The ability to virtually recreate physical environments and enhance the visual view with sound effects and external stimuli such as temperature and smells enhances room based training to another level. Whilst this can never fully replace physical training on specially designed rigs it has many advantages in terms of the physical space needed, the numbers of people who can be trained and the cost of creating and using it. This can be especially useful when multiple training scenarios are required or staff at distance from the training rigs or have limited through put.
I was then able to experience how Bob and his team have developed a VR tour of the area around Wembury, Dorset It was really interesting to see the level of detail and how even the level of light could be altered to simulate or match different times of day. Working with the medical teams from the Queen Elizabeth Hospital in Birmingham they have integrated their virtual reality programme into an exercise cycle that patients can use in their intensive care beds.
Feedback from patients and medical staff has indicated that it is a positive experience. The data will be evaluated so that the value of it in medical terms can be assessed. The project was recently covered by ITV Central in a news report which can be seen here.
The final set-up for me was the most impressive because it showed the power and potential of MR. The training was a battlefield casualty management scenario where the casualty is being treated on board a helicopter after evacuation.

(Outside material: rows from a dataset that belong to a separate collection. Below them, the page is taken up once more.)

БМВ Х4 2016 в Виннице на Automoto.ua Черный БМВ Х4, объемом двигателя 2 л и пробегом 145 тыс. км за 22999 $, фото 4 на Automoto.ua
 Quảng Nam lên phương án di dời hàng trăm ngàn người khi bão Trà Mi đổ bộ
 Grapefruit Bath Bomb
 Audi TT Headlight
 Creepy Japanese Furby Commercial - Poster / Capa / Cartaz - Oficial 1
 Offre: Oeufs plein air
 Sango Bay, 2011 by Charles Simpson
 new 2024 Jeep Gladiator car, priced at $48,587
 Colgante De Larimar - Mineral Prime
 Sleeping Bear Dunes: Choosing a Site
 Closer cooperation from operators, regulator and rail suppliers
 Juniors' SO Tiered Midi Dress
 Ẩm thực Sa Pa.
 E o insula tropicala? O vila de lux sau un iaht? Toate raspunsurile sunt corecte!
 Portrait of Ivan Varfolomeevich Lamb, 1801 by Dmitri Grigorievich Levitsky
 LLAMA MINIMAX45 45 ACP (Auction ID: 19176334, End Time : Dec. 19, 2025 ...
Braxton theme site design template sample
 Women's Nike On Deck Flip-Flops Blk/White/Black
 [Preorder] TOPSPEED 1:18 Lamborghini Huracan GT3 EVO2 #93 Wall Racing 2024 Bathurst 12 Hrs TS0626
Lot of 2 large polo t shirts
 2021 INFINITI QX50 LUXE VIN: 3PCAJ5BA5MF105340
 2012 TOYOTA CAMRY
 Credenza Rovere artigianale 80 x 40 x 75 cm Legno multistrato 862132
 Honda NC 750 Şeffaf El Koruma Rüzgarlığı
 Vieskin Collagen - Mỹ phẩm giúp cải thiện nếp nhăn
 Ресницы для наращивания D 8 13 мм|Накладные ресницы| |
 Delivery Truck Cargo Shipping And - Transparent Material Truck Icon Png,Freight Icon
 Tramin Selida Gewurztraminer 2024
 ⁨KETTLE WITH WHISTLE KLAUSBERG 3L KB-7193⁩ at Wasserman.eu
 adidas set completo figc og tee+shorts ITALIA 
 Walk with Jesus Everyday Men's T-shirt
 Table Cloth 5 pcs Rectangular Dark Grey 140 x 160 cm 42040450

The inside of the helicopter passenger cabin has been physically recreated.
This has been scanned and mapped to create a virtual version. This then overlaid on top of the physical mock-up. The computer generated images were displayed on the headset. This meant you could reach out in the virtual world and touch the physical object that was there. In your head set you see your virtual hand touching the virtual object whist your real hand was actually touching the real object. Using a cable free head-set you could also move around the casualty and inside the helicopter. To add to the realism the swaying and buffeting movement of the helicopter in flight was recreated by motion in the headset. Whilst not actually moving it felt that you really were. That feeling was further enhanced by a rearward view with additional virtual reality soldiers and the ground below being passed over as we flew over it. The forward view showed the pilot and co-pilot and the sky passing by.
Using hand controllers I could examine ‘Steve’ the casualty and ensure the correct action was taken to address his battlefield injuries.
Steve was a real looking dummy with eyes, teeth and a tactile finish that felt just like real skin. In addition he had a simulated injury that enhanced the feeling that this was a a real causality recovery situation. This was just like a training exercise we filmed for the Department of Health in 2008 which involved the Casualties Union. In that case real people had special effects injuries. In this case ‘Steve’ had the simulated injuries. Bob and his team are exploring just how practical and valuable MR is when used in training.
Stop press: 24th July 2017 – Bob and the Birmingham University HIT team have just won a top academic health science award ‘in recognition of their innovative research and development into the use of Virtual and Mixed Reality technologies for civilian and military rehabilitation and for military defence medic training.’